What is Judie Brown talking about?

What is Judie Brown talking about? May 5, 2009

Recently, a comment showed up on Vox Nova signed by Judie Brown, linking to the American Life League.  We have no reason to doubt that she left the comment, though we did attempt to contact her to verify.  She did not return our emails.  The comment is regarding M.Z.’s post on EWTN’s cowardice in not condemning torture and not affirming the clear teaching of the Catholic Church.

I am posting Brown’s comment in full along with my own interpolations:

Dear Friends and Foes, Torture of prisoners can be approved in some cases when there are specific reasons for doing so, but my belief is that in the case of torture, we have to examine first and foremost the case of the innocent preborn child.

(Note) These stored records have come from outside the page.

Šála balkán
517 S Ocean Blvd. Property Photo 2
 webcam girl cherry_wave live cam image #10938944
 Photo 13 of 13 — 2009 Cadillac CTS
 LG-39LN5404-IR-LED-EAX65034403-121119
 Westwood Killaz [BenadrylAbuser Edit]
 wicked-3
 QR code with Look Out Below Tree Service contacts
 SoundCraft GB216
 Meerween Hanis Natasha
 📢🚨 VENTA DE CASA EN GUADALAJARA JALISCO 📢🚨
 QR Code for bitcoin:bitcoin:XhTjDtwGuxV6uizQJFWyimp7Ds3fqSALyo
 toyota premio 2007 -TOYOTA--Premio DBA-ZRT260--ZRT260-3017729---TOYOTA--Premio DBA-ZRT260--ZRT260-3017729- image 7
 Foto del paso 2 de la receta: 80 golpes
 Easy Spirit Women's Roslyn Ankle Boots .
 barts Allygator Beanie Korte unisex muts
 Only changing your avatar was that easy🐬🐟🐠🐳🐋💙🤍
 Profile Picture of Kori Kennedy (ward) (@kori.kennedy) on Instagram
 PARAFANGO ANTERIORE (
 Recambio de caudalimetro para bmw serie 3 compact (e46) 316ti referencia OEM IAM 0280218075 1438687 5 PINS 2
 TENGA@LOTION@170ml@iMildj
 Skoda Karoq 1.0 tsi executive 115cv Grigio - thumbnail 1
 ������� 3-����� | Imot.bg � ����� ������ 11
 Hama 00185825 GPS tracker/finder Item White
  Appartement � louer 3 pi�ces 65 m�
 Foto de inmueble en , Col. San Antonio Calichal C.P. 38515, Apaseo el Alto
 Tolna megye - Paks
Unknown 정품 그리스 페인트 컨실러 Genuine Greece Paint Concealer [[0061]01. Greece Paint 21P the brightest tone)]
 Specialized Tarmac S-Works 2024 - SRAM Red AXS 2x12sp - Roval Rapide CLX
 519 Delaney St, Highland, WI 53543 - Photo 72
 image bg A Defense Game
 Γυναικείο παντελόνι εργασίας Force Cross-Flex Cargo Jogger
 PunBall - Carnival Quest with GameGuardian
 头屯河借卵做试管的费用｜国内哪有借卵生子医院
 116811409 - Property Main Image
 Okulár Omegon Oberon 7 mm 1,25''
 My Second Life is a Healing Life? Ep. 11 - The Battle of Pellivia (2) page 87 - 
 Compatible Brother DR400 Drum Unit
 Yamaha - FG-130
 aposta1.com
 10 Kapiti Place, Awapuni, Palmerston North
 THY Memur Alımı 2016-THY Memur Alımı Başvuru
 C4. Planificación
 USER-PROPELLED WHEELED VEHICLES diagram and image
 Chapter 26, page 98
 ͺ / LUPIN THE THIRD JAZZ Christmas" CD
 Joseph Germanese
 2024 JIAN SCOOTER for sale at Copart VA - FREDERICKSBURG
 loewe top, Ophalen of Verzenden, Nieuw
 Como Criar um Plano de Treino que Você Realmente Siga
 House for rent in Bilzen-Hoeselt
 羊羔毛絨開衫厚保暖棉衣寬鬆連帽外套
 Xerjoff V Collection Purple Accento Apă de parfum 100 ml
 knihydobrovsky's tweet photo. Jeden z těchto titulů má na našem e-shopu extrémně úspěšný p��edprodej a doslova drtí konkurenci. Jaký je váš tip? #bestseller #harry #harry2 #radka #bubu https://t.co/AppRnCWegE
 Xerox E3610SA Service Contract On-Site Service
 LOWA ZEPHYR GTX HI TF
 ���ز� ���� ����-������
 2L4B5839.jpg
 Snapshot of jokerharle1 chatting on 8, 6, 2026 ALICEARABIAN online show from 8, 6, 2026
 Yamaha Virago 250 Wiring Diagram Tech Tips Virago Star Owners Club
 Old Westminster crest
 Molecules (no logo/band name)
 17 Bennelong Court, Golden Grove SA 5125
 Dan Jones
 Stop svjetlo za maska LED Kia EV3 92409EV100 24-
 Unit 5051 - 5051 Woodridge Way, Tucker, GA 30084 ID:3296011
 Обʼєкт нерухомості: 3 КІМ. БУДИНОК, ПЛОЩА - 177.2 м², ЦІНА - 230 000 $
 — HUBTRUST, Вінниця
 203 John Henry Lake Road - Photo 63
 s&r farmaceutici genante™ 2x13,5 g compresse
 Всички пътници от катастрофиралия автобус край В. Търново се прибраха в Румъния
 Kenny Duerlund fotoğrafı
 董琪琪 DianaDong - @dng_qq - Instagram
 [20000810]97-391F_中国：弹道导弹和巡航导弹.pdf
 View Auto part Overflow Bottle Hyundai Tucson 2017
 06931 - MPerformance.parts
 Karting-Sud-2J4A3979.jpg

His limbs can be ripped off and noone calls that torture. His head can be crused with forceps and noone calls that torture.

I am not sure who Judie Brown’s foes are at Vox Nova or why she feels compelled to presume that there are, indeed, persons inimical toward her here. In fact, we have had a link to the American Life League since the Vox Nova was first initiated, and we certainly have made no effort to conceal it (it occupies the top place in our alphabetical list of Catholic Organizations, Institutes and Ministries in the right sidebar).

More apropos of the matter at hand, I want to direct your attention to the very first line of Brown’s comment. She affirms unequivocally that torture of prisoners (i)can be approved in (ii)some cases when there are (iii)specific reasons for doing so.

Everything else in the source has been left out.